■ EXERCISE GOAL ■
In your copy, leave out the pictures and reproduce the listing below exactly.
** MATERIAL SUPPLIED follows **
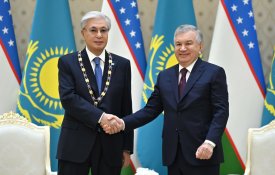 Қасым-Жомарт Тоқаевқа Өзбекстанның ең жоғары мемлекеттік наградасы табысталды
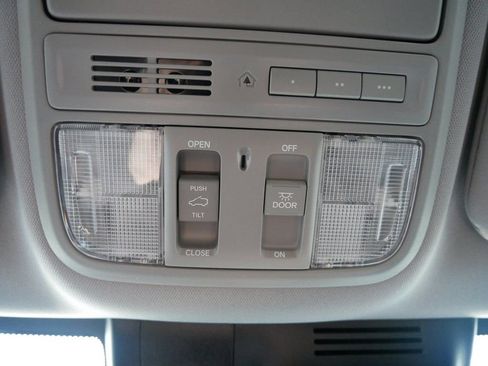 Used 2021 Honda CR-V EX-L image 26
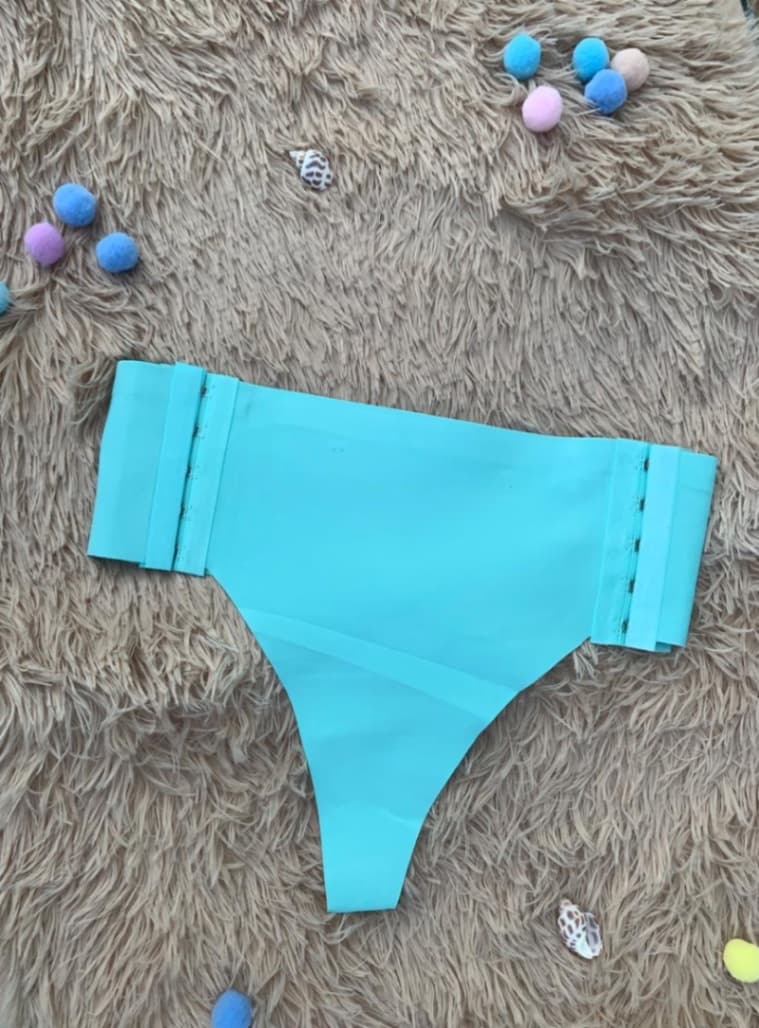Panties colaless con broche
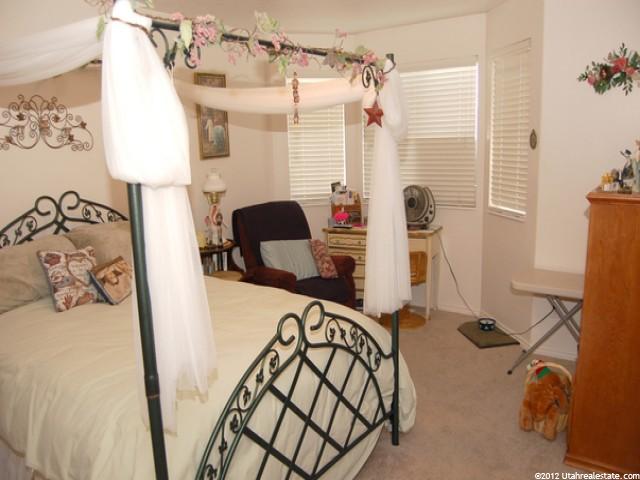 1021 Sara Ln, Ogden, UT 84404 — photo 5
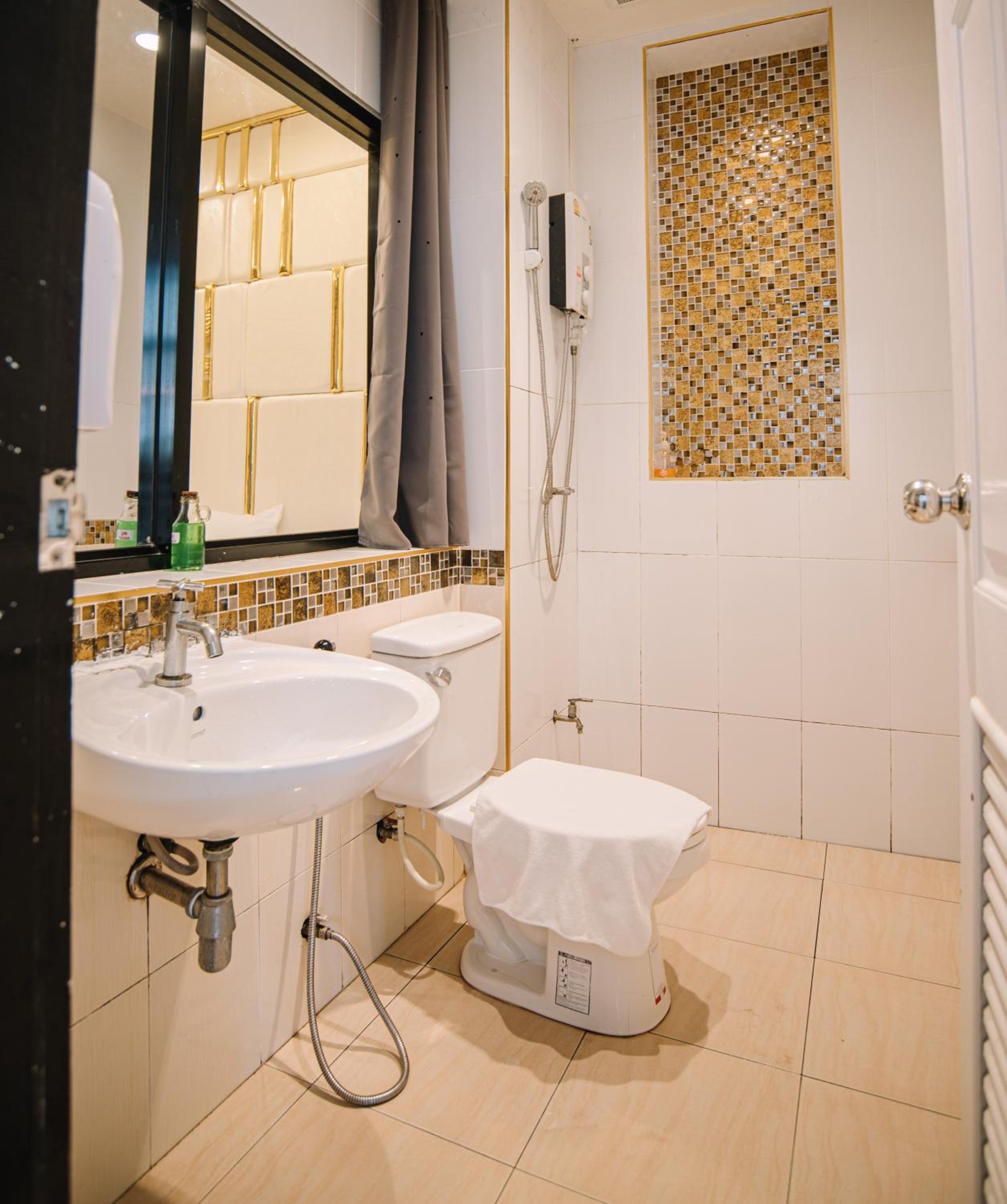 Deluxe King Room - Photo 21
** End of MATERIAL SUPPLIED **
■ OUTPUT FOR THIS TASK ■
 Қасым-Жомарт Тоқаевқа Өзбекстанның ең жоғары мемлекеттік наградасы табысталды
 Used 2021 Honda CR-V EX-L image 26
Panties colaless con broche
 1021 Sara Ln, Ogden, UT 84404 — photo 5
 Deluxe King Room - Photo 21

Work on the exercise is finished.